* Given records
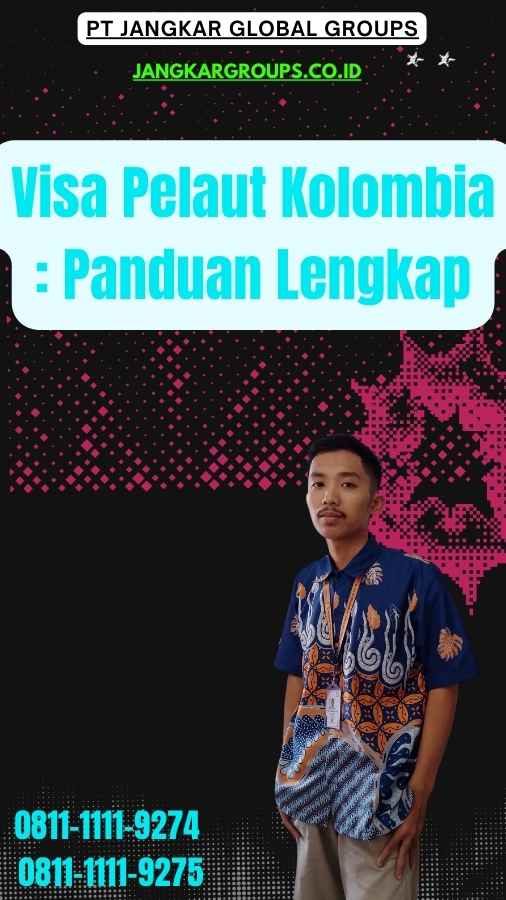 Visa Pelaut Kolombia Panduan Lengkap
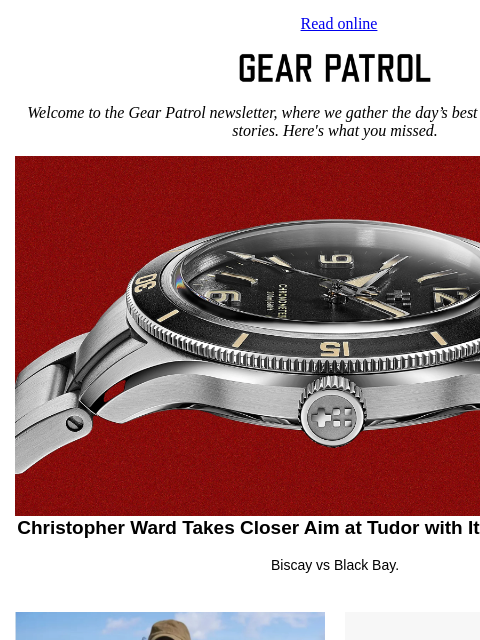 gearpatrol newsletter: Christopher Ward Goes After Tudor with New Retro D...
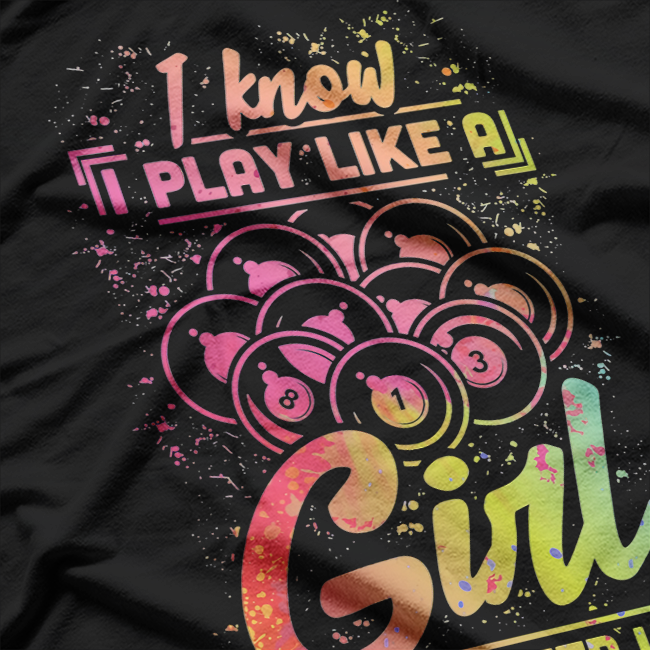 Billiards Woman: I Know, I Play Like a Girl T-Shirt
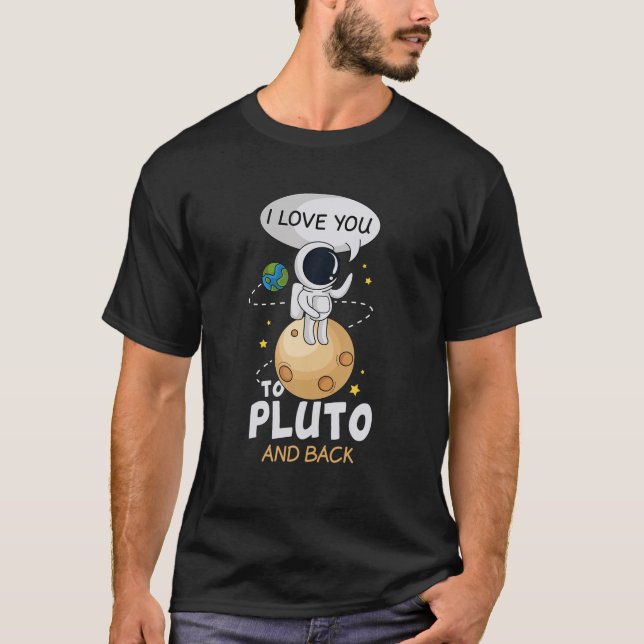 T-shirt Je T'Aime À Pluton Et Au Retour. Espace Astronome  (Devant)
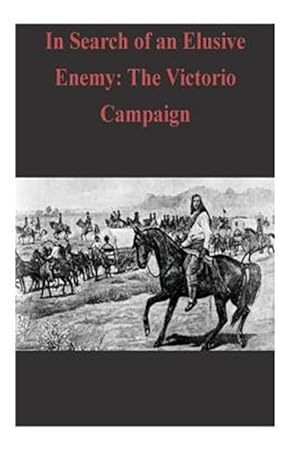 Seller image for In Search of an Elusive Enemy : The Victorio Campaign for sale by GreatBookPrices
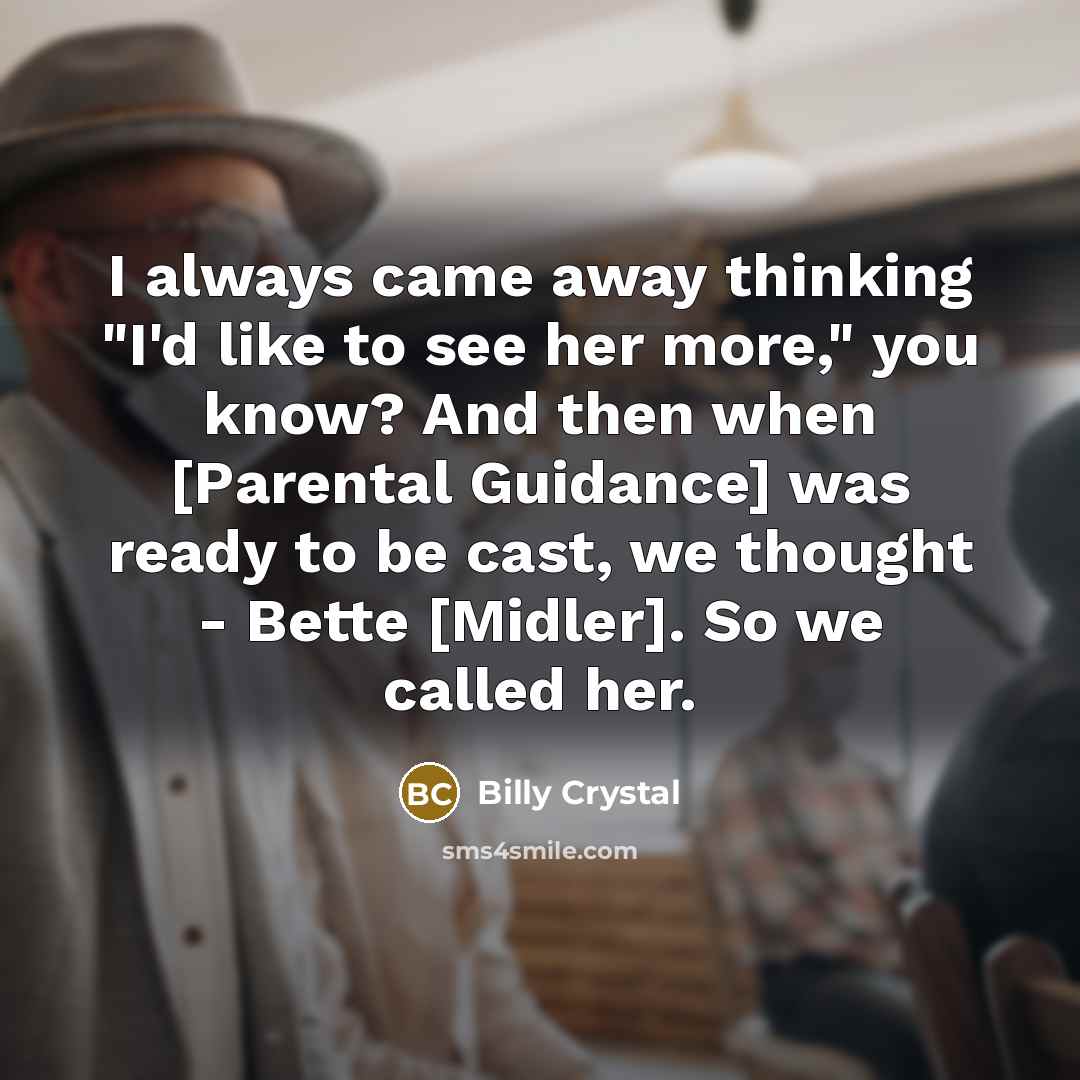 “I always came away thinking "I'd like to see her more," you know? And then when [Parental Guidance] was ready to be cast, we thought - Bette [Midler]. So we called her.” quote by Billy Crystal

* The task
Return every record above exactly as written, but drop the pictures.

* Answer section
 Visa Pelaut Kolombia Panduan Lengkap
 gearpatrol newsletter: Christopher Ward Goes After Tudor with New Retro D...
 Billiards Woman: I Know, I Play Like a Girl T-Shirt
 T-shirt Je T'Aime À Pluton Et Au Retour. Espace Astronome  (Devant)
 Seller image for In Search of an Elusive Enemy : The Victorio Campaign for sale by GreatBookPrices
 “I always came away thinking "I'd like to see her more," you know? And then when [Parental Guidance] was ready to be cast, we thought - Bette [Midler]. So we called her.” quote by Billy Crystal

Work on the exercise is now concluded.